And the thing is, s390 was always a pleasure to deal with. I cannot
say the same about anything SH. SH always was a huge PITA to deal
with (to me at least), mainly because you seem to have a false sense
of entitlement: you think everyone else must be perfect and must not
affect you while you can sit on your own little island not worrying
about the rest of the world - who develops and tests core kernel
facilities for you. It doesnt work like that.
> [...] And before that, you had:
>
> commit 60d970c254b95ec7a0fc4c590b510253987b64a0
> Author: Ingo Molnar <mingo@...e.hu>
> Date: Thu Aug 13 23:37:26 2009 +0200
>
> tracing: Fix syscall tracing on !HAVE_FTRACE_SYSCALLS architectures
>
> The new syscall_regfunc()/unregfunc() functions rely on
> the existence of TIF_SYSCALL_FTRACE - but that TIF flag
> is only offered by HAVE_FTRACE_SYSCALLS.
>
> Cc: Frederic Weisbecker <fweisbec@...il.com>
> Cc: Jason Baron <jbaron@...hat.com>
> Cc: Steven Rostedt <rostedt@...dmis.org>
> Cc: Peter Zijlstra <peterz@...radead.org>
> LKML-Reference: <new-submission>
> Signed-off-by: Ingo Molnar <mingo@...e.hu>
>
> Which you at least managed to catch before it went in to -next.
See that LKML-Reference tag?
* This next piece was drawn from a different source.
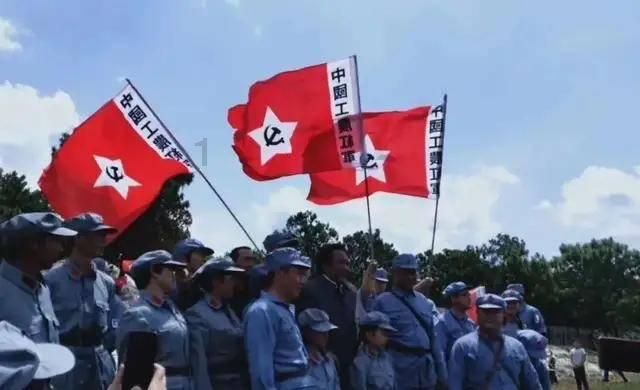 独自旅行过程中女性需要准备什么以保护自身安全？游戏画面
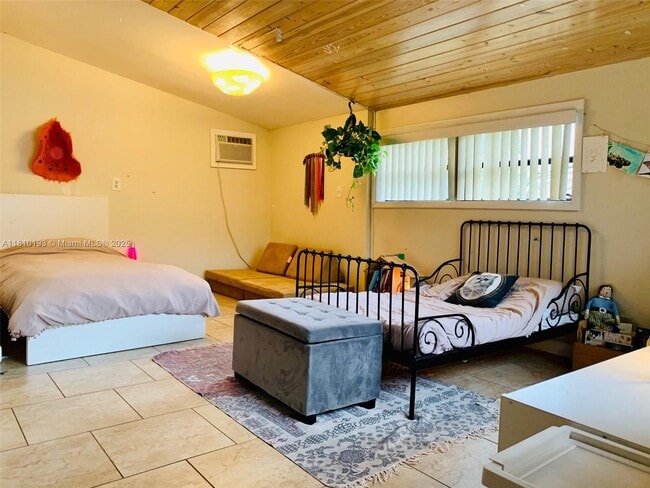 Building Photo - 9910 Bahama Dr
That patch too went out to lkml. Had
you chosen to participate instead of just complaining you could
have.
Then you intentionally chose the wrong workflow and now you are
complaining 1) about an easily fixed bug that got addressed within
an hour of it reported 2) about a workflow situation you yourself
created. [and to which i suggested several alternatives how to fix
it.]
You are not being constructive at all.